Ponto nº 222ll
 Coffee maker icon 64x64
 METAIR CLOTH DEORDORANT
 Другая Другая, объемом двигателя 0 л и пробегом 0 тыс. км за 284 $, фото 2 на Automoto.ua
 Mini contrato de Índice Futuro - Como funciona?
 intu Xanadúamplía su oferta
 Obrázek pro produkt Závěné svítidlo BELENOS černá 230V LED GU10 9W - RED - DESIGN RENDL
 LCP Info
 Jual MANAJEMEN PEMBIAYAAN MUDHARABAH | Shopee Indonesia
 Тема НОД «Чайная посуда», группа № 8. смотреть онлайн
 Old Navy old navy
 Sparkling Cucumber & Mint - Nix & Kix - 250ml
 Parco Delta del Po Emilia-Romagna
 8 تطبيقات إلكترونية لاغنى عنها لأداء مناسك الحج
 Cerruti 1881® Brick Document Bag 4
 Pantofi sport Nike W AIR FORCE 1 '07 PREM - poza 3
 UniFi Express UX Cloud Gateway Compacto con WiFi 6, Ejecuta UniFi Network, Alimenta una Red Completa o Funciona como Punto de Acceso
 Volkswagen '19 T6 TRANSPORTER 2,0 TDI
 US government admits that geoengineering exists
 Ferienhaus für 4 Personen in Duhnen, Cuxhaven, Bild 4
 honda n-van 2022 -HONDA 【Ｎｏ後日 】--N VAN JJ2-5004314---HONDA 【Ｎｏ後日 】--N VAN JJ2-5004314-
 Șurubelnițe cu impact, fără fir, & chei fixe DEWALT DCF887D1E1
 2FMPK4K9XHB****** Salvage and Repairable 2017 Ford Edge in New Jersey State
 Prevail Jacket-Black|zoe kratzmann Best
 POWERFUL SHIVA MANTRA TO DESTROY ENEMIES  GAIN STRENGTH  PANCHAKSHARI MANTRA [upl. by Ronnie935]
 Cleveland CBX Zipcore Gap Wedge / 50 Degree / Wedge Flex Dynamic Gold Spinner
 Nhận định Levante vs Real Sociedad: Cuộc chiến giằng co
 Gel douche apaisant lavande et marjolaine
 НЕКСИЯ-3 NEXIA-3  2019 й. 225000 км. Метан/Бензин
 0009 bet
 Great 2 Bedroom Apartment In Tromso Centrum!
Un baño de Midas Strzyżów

§ **Instructions to follow**
Please give back all of the data exactly as it appears.

§ **Answer box**
Ponto nº 222ll
 Coffee maker icon 64x64
 METAIR CLOTH DEORDORANT
 Другая Другая, объемом двигателя 0 л и пробегом 0 тыс. км за 284 $, фото 2 на Automoto.ua
 Mini contrato de Índice Futuro - Como funciona?
 intu Xanadúamplía su oferta
 Obrázek pro produkt Závěné svítidlo BELENOS černá 230V LED GU10 9W - RED - DESIGN RENDL
 LCP Info
 Jual MANAJEMEN PEMBIAYAAN MUDHARABAH | Shopee Indonesia
 Тема НОД «Чайная посуда», группа № 8. смотреть онлайн
 Old Navy old navy
 Sparkling Cucumber & Mint - Nix & Kix - 250ml
 Parco Delta del Po Emilia-Romagna
 8 تطبيقات إلكترونية لاغنى عنها لأداء مناسك الحج
 Cerruti 1881® Brick Document Bag 4
 Pantofi sport Nike W AIR FORCE 1 '07 PREM - poza 3
 UniFi Express UX Cloud Gateway Compacto con WiFi 6, Ejecuta UniFi Network, Alimenta una Red Completa o Funciona como Punto de Acceso
 Volkswagen '19 T6 TRANSPORTER 2,0 TDI
 US government admits that geoengineering exists
 Ferienhaus für 4 Personen in Duhnen, Cuxhaven, Bild 4
 honda n-van 2022 -HONDA 【Ｎｏ後日 】--N VAN JJ2-5004314---HONDA 【Ｎｏ後日 】--N VAN JJ2-5004314-
 Șurubelnițe cu impact, fără fir, & chei fixe DEWALT DCF887D1E1
 2FMPK4K9XHB****** Salvage and Repairable 2017 Ford Edge in New Jersey State
 Prevail Jacket-Black|zoe kratzmann Best
 POWERFUL SHIVA MANTRA TO DESTROY ENEMIES  GAIN STRENGTH  PANCHAKSHARI MANTRA [upl. by Ronnie935]
 Cleveland CBX Zipcore Gap Wedge / 50 Degree / Wedge Flex Dynamic Gold Spinner
 Nhận định Levante vs Real Sociedad: Cuộc chiến giằng co
 Gel douche apaisant lavande et marjolaine
 НЕКСИЯ-3 NEXIA-3  2019 й. 225000 км. Метан/Бензин
 0009 bet
 Great 2 Bedroom Apartment In Tromso Centrum!
Un baño de Midas Strzyżów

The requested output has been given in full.